▶ **Goal of the exercise**:
Counting task for the entries below: give the number of lines that contain the word "Velvet", with no other text.

▶ **Data to examine**:
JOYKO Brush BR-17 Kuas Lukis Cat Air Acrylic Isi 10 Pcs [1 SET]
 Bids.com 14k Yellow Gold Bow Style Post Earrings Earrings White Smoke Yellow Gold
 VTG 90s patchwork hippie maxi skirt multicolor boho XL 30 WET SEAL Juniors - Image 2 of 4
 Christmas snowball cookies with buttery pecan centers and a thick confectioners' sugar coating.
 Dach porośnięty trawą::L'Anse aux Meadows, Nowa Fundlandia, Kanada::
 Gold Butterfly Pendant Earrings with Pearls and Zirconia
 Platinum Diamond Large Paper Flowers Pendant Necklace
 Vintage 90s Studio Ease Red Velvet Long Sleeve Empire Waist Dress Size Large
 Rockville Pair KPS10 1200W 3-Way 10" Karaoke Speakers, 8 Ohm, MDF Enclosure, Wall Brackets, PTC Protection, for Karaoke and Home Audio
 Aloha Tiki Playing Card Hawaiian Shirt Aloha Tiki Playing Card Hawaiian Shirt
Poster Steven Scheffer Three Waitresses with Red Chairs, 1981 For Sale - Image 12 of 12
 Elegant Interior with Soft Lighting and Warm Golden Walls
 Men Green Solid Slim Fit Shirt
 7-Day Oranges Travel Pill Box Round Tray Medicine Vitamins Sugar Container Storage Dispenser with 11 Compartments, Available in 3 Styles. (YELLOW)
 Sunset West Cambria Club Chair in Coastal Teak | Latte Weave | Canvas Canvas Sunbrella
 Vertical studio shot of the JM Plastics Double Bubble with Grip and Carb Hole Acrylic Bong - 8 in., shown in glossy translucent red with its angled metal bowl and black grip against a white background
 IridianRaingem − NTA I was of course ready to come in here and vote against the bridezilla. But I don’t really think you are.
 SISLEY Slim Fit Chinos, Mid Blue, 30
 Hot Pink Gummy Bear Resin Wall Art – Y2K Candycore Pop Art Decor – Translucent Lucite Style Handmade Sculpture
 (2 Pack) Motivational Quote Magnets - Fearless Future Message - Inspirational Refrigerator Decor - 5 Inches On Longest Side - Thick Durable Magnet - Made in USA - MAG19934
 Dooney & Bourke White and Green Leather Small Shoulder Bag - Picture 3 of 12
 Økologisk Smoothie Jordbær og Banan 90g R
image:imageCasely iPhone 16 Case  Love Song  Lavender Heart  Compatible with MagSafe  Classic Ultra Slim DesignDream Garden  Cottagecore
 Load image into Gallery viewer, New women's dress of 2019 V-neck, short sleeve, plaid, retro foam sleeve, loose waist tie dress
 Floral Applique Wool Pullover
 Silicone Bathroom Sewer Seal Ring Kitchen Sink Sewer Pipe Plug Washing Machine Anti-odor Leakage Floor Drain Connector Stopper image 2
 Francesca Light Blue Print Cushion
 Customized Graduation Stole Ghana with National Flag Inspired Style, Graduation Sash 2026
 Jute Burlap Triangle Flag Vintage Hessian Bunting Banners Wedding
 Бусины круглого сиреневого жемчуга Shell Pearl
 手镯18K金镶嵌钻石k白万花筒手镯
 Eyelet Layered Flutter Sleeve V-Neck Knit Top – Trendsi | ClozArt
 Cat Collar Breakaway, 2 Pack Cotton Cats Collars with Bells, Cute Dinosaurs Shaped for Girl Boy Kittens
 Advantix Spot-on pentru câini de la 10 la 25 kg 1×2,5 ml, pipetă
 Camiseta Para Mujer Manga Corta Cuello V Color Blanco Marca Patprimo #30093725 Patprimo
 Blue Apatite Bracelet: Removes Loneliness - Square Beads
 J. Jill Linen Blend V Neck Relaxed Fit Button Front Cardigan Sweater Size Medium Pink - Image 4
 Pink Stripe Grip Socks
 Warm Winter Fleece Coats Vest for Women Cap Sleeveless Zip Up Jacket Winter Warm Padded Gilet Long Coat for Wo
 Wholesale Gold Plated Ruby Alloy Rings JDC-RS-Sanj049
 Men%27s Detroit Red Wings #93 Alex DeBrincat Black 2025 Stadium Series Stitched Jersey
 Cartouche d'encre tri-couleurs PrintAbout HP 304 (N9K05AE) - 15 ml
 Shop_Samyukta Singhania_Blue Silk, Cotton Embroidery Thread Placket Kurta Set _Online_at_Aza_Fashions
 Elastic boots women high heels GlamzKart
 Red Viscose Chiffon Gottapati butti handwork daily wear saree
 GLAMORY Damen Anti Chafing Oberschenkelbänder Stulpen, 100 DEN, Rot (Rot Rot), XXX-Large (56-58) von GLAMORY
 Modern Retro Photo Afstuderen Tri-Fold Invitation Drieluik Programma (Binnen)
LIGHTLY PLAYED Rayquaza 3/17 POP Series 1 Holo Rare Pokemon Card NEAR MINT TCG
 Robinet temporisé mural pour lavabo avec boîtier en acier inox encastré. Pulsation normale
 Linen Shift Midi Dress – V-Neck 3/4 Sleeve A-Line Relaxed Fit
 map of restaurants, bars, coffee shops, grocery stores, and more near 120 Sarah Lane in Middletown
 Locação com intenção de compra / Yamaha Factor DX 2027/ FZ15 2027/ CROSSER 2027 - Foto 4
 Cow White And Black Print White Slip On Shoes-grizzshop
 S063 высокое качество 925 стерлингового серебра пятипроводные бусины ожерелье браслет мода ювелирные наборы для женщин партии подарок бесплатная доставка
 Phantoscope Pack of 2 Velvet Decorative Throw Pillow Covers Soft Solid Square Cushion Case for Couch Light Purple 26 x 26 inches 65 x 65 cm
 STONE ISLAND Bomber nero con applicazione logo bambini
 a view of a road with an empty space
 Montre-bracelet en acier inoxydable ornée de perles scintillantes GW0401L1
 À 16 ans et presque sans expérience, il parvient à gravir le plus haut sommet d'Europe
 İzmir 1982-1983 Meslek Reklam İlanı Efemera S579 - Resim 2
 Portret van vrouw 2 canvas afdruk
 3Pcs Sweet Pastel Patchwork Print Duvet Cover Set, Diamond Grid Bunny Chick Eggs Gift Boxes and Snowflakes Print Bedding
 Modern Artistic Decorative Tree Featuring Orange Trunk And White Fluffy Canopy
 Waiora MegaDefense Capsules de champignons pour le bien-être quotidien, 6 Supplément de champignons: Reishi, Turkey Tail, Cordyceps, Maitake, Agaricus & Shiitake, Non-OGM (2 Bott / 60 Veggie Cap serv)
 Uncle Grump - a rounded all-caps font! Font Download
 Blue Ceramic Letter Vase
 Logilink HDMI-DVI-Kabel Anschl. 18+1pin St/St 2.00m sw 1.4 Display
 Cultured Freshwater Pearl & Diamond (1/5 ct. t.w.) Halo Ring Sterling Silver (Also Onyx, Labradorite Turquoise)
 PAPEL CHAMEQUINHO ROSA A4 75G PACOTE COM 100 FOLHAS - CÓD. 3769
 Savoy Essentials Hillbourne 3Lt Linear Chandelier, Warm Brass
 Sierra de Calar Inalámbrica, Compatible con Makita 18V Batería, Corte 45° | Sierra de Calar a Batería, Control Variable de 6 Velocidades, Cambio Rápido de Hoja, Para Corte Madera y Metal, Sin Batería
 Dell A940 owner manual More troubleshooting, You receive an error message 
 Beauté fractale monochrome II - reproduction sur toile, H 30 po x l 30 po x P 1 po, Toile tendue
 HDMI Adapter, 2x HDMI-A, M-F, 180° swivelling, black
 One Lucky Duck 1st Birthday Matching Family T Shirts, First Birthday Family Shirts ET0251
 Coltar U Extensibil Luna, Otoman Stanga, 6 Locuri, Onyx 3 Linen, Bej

▶ **Your solution**:
2